The basic idea is one we’ve seen before: It’s possible to discern the shape of an object on the far side of an obstacle by shining a laser or structured light on a surface nearby and analyzing how the light scatters. Patterns emerge when some pulses return faster than others, or are otherwise changed by having interacted with the unseen object.
It isn’t easy to do. Reflected laser light can easily be lost in the noise of broad daylight, for instance. And if you want to reconstruct a model of the object precise enough to tell whether it’s a person or a stop sign, you need a lot of data and the processing power to crunch that data.
“Despite recent advances, [non-line-of-sight] imaging has remained impractical owing to the prohibitive memory and processing requirements of existing reconstruction algorithms, and the extremely weak signal of multiply scattered light,” the abstract reads in part.
“A substantial challenge in non-line-of-sight imaging is figuring out an efficient way to recover the 3-D structure of the hidden object from the noisy measurements,” said grad student David Lindell, co-author of the paper, in a Stanford news release.
The data collection process still takes a long time, as the laser scans across a surface — think a couple minutes to an hour, though that’s still on the low side for this type of technique.

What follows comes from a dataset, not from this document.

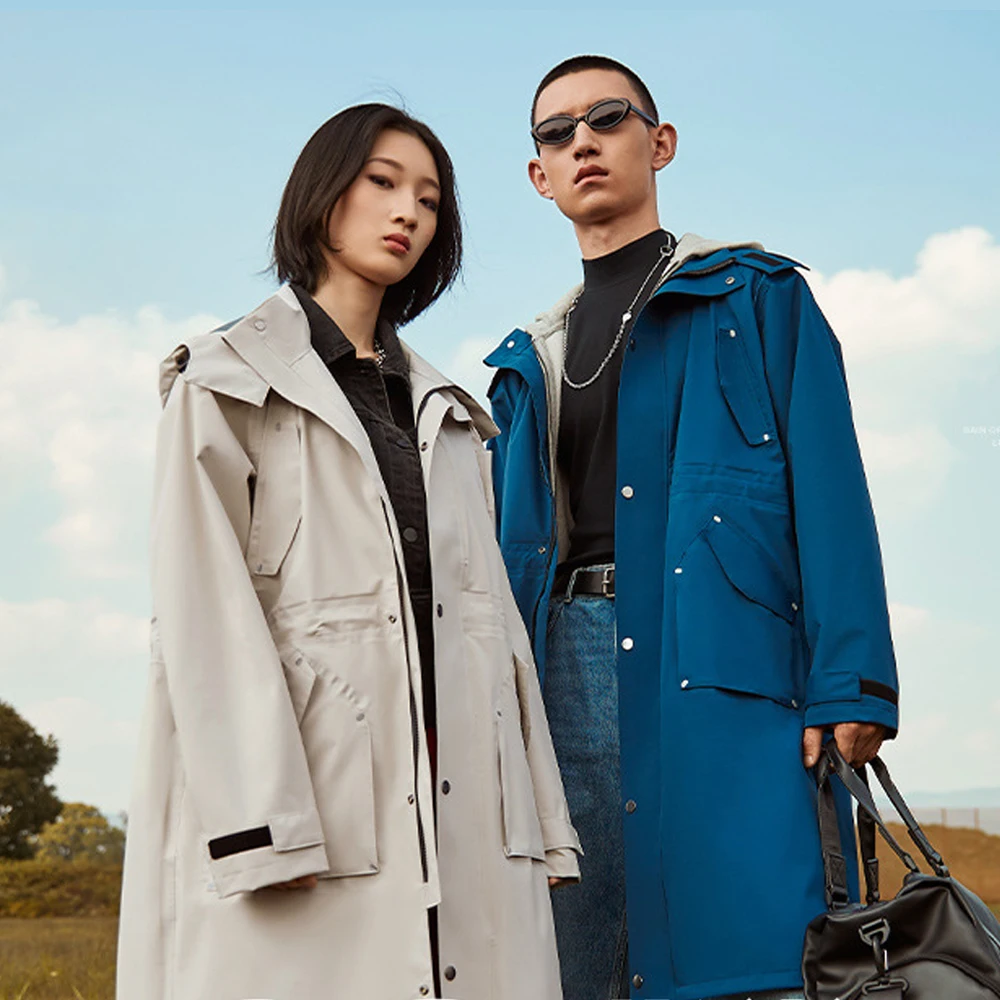Long Trench Coat Raincoat Women Men Waterproof Windbreaker Jacket Outdoor Fashion PU Hooded Rain Parka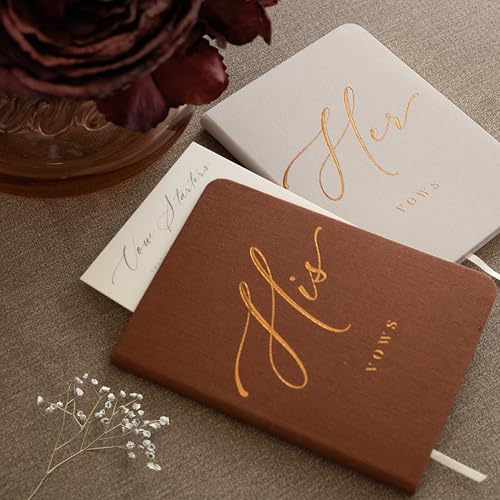 Image of Vow Books His and Hers - Linen Wedding Vow Books Perfect as Bride & Groom Gifts, Wedding Registry Ideas - His & Hers Gifts Wedding Vow Book - Wedding Essentials & Accessories [Ivory & Terracotta]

The photons do their thing, bouncing around the other side, and some make it back to nearby their point of origin, where they are picked up by a high-sensitivity detector.
The detector sends its data on to a computer, which processes it using the precious algorithm created by the researchers. Their work allows this part to proceed extremely quickly, reconstructing the scene in relatively high fidelity with just a second or two of processing.

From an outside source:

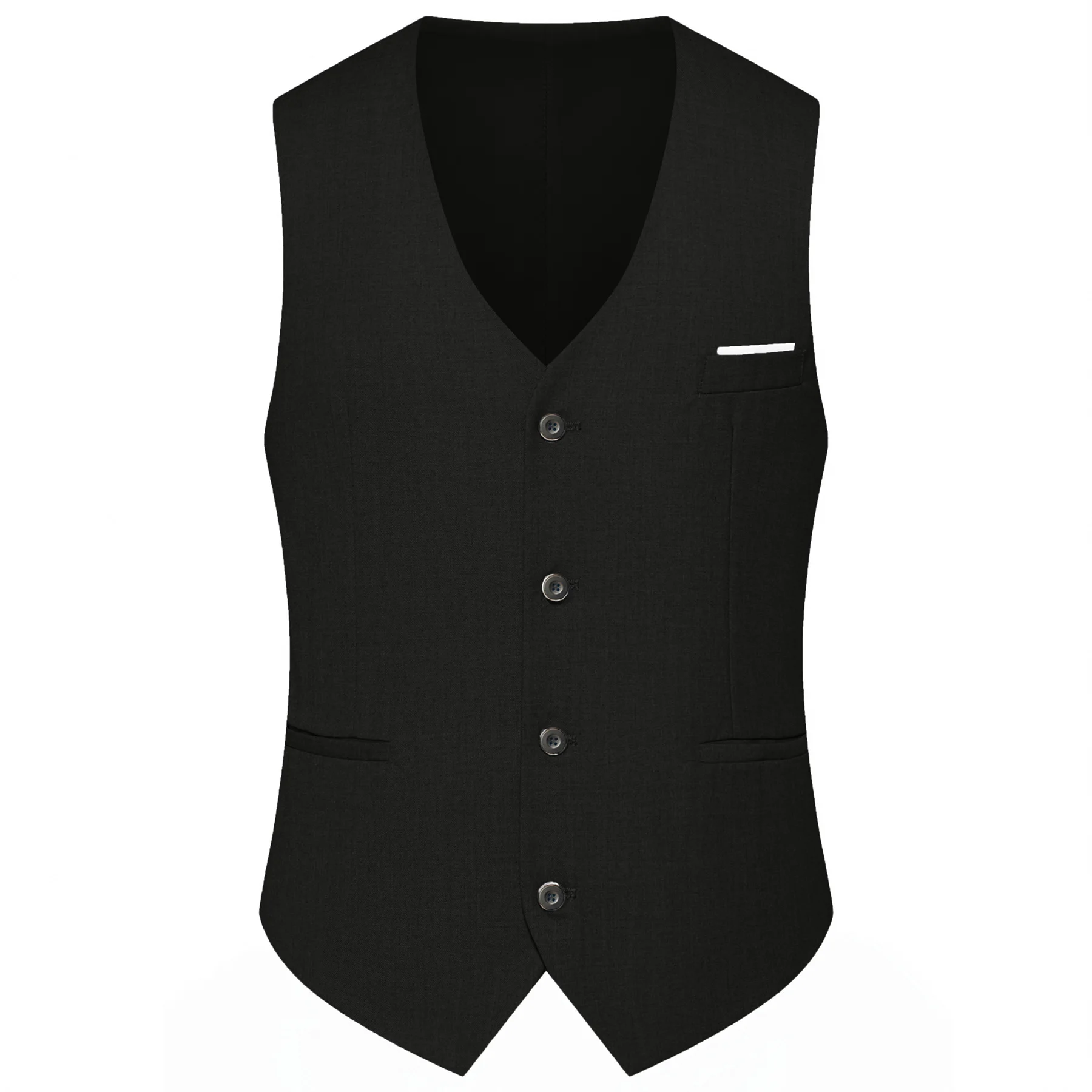 Men Business Gentleman V Neck Slim Fit Groomsman Waiter Vest / High-quality Urban Slim Solid Color Suit Waistcoat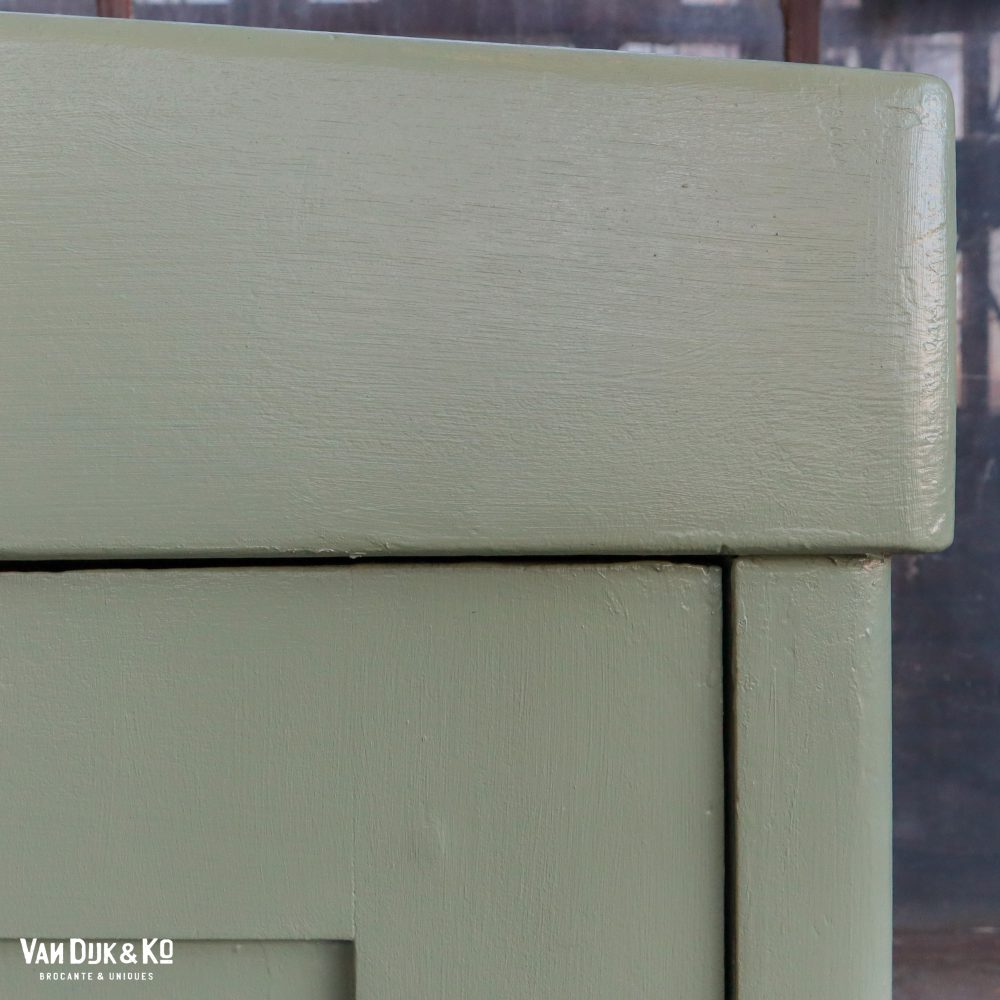 Brocante groene linnenkast - Afbeelding 6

The resulting system is also less susceptible to interference, allowing it to be used in indirect sunlight.
Of course, it’s not much use detecting a person on the far side of a wall if it takes an hour to do so. But the laser setups used by the researchers are very different from the high-speed scanning lasers found in lidar systems. And the algorithm they built should be compatible with those, which could vastly reduce the data acquisition time.

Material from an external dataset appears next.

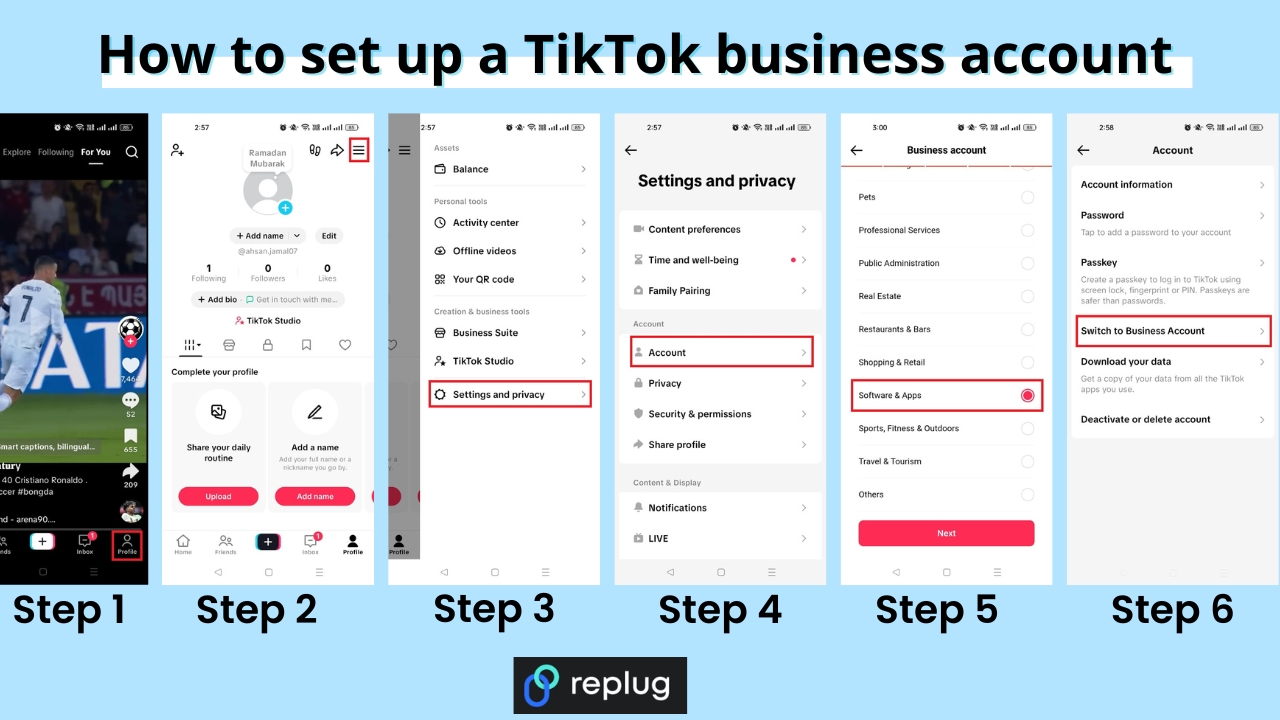 How to setup tiktok business account from mobile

“We believe the computation algorithm is already ready for LIDAR systems,” said Matthew O’Toole, co-lead author of the paper (with lab leader Gordon Wetzstein). “The key question is if the current hardware of LIDAR systems supports this type of imaging.”
If their theory is correct, then this algorithm could soon enable existing lidar systems to analyze their data in a new way, potentially spotting a moving car or person approaching an intersection before it’s even visible. It’ll be a while still, but at this point it’s just a matter of smart engineering.